# Task to complete
A faithful retyping of every entry below is wanted, with images left out.

╭─ Records shown

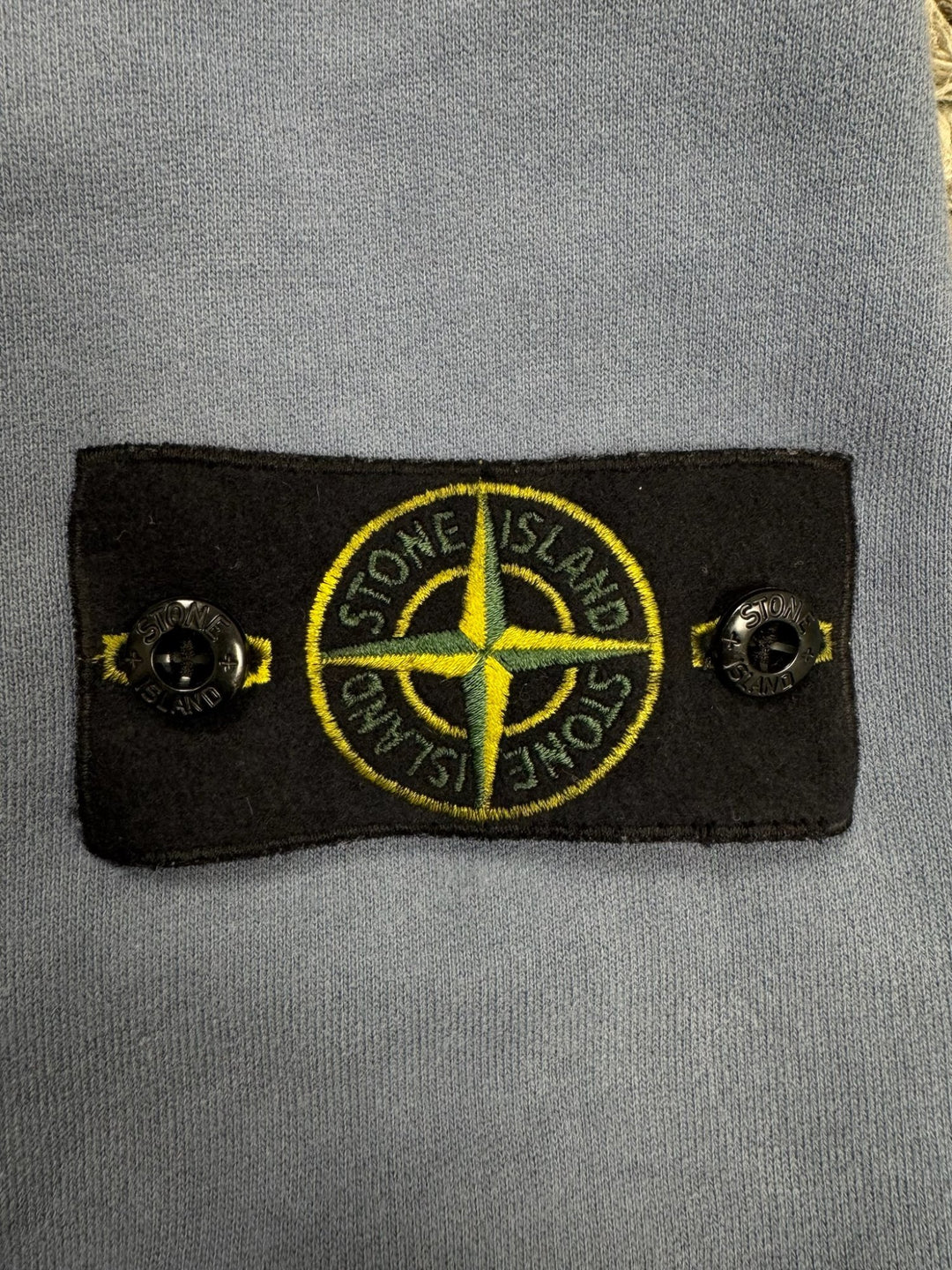 Stone Island felpa con cappuccio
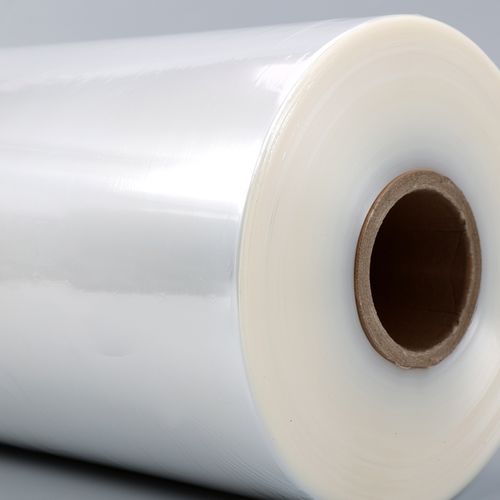 Filme de empacotamento - ZCR03 - ZHEJIANG ZHONGCHENG Packing Material Co., Ltd. - retrátil / para embalagem de produtos alimentares / de poliolefina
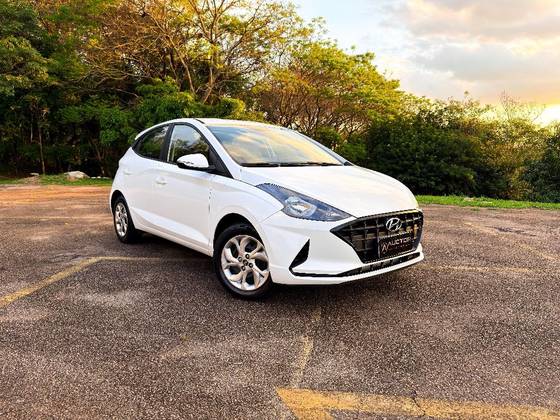 HYUNDAI HB20 1.0 12V FLEX VISION MANUAL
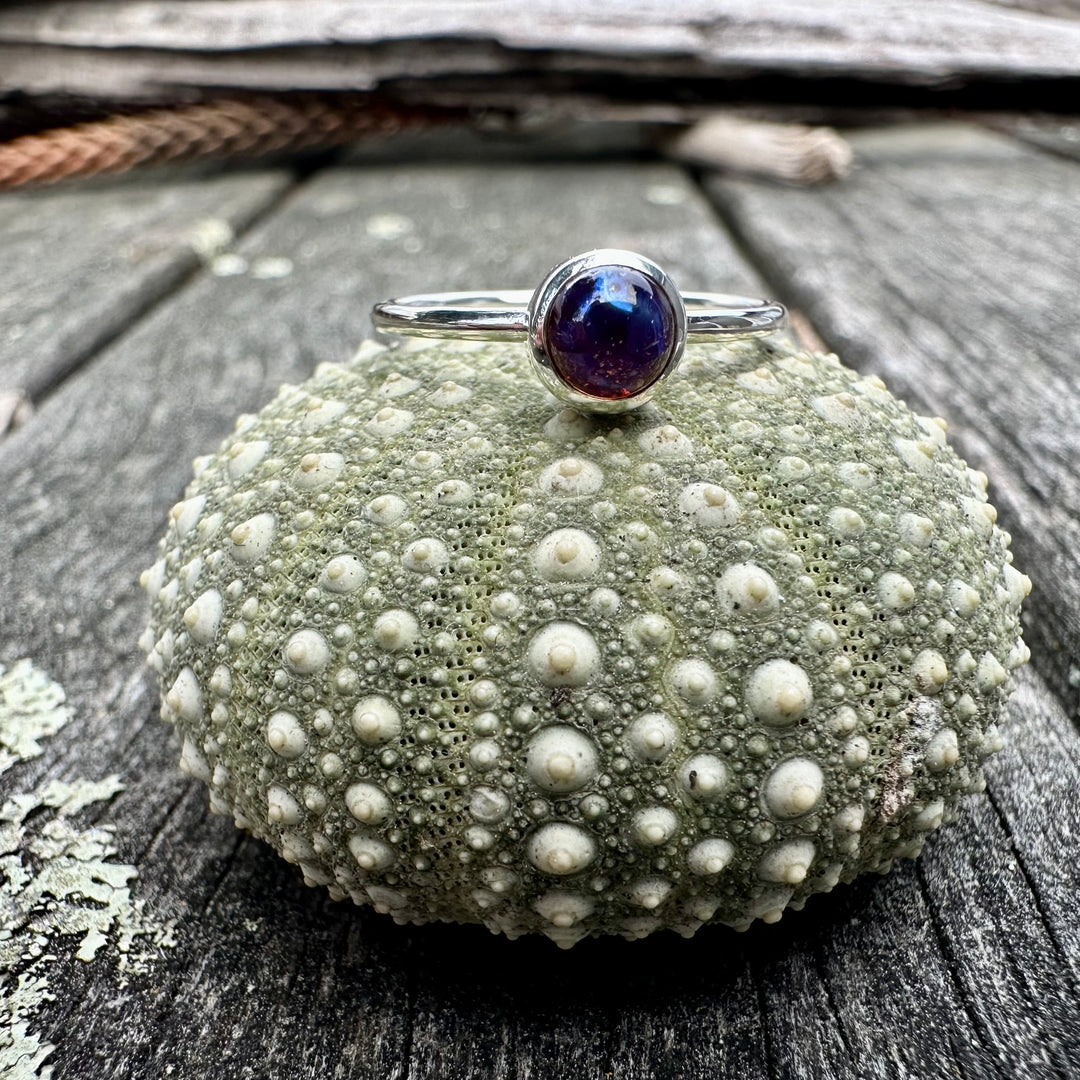 Pepe Vintage dragons breath ring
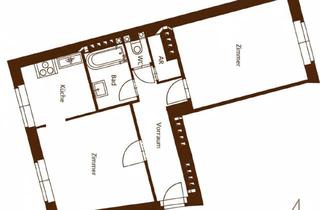 Wohnung kaufen in Lienfeldergasse, 1160 Wien, Urban & entspannt - teilsaniert - Westlage - perfekte Infrastruktur - Pärchenhit
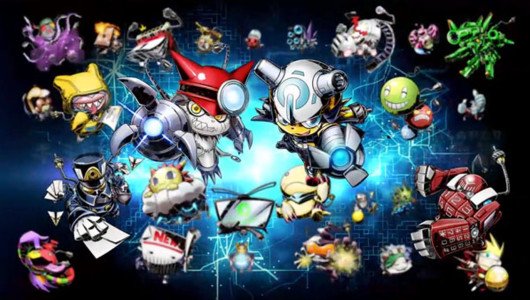 Digimon Universe Appli Monsters: pubblicato il primo trailer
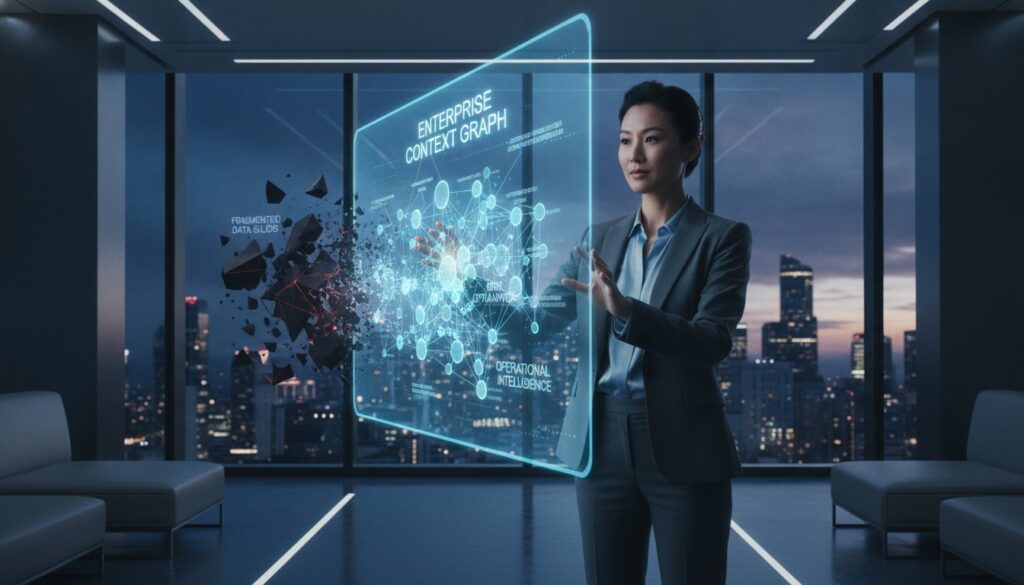 2026 CDO Guide: Data Architecture for Agentic AI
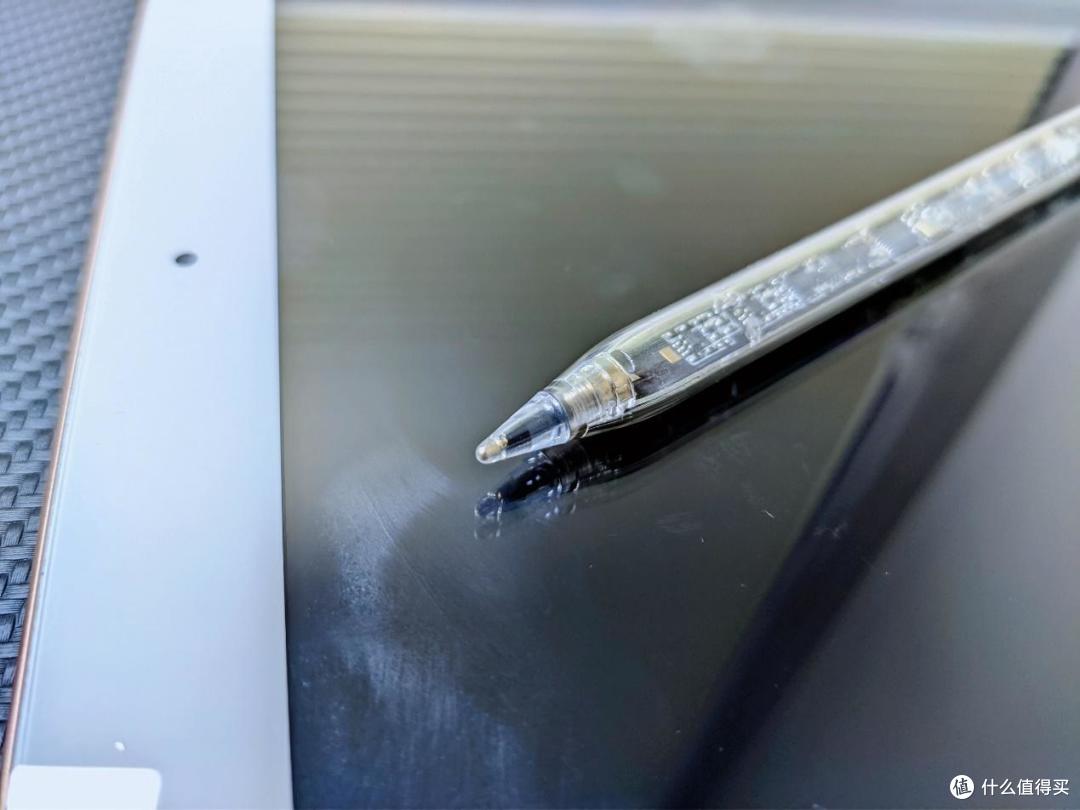 科技感拉满的最强Apple Pencil平替——西圣Pencil2体验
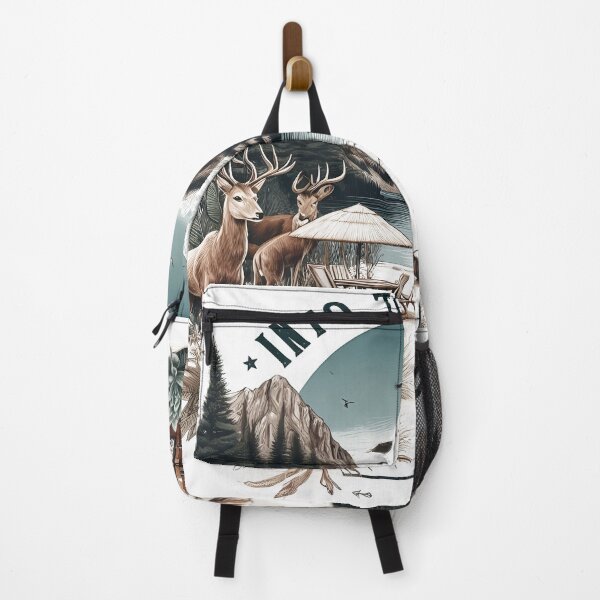 Item preview, Into the Wild! designed and sold by OzzFrequency.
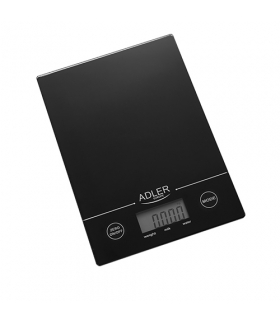 Waga kuchenna ADLER AD 3138 black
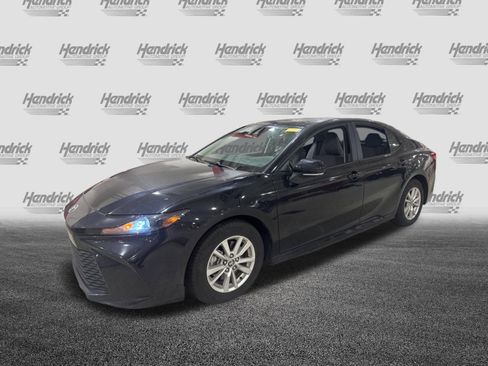 Used 2025 Toyota Camry LE w/ Convenience Package FWD image 52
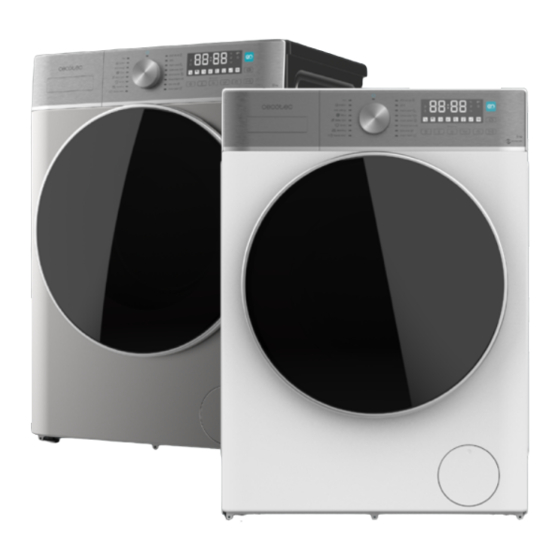 cecotec BOLERO DRESSCODE 10800 INVERTER A Bedienungsanleitung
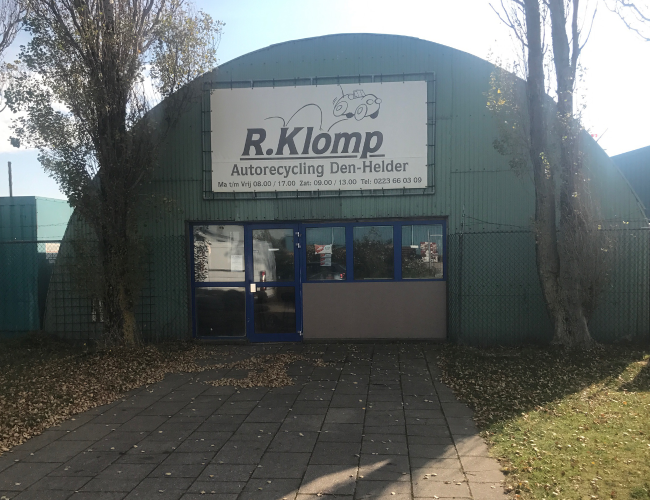 Autorecycling R. Klomp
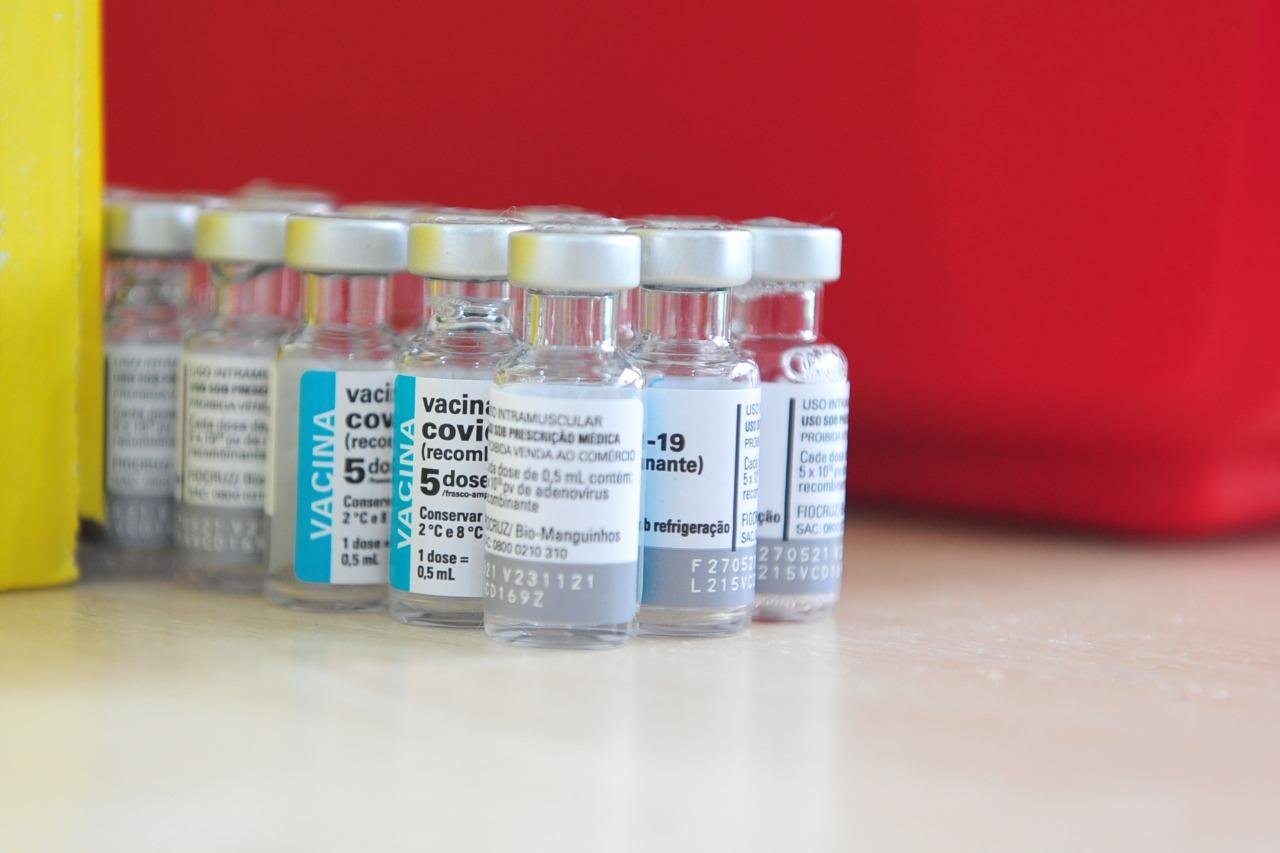 Fiocruz j&aacute; entregou 70 milh&otilde;es de doses da vacina contra a Covid-19 ao PNI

╰─

# Response area
 Stone Island felpa con cappuccio
 Filme de empacotamento - ZCR03 - ZHEJIANG ZHONGCHENG Packing Material Co., Ltd. - retrátil / para embalagem de produtos alimentares / de poliolefina
 HYUNDAI HB20 1.0 12V FLEX VISION MANUAL
 Pepe Vintage dragons breath ring
 Wohnung kaufen in Lienfeldergasse, 1160 Wien, Urban & entspannt - teilsaniert - Westlage - perfekte Infrastruktur - Pärchenhit
 Digimon Universe Appli Monsters: pubblicato il primo trailer
 2026 CDO Guide: Data Architecture for Agentic AI
 科技感拉满的最强Apple Pencil平替——西圣Pencil2体验
 Item preview, Into the Wild! designed and sold by OzzFrequency.
 Waga kuchenna ADLER AD 3138 black
 Used 2025 Toyota Camry LE w/ Convenience Package FWD image 52
 cecotec BOLERO DRESSCODE 10800 INVERTER A Bedienungsanleitung
 Autorecycling R. Klomp
 Fiocruz j&aacute; entregou 70 milh&otilde;es de doses da vacina contra a Covid-19 ao PNI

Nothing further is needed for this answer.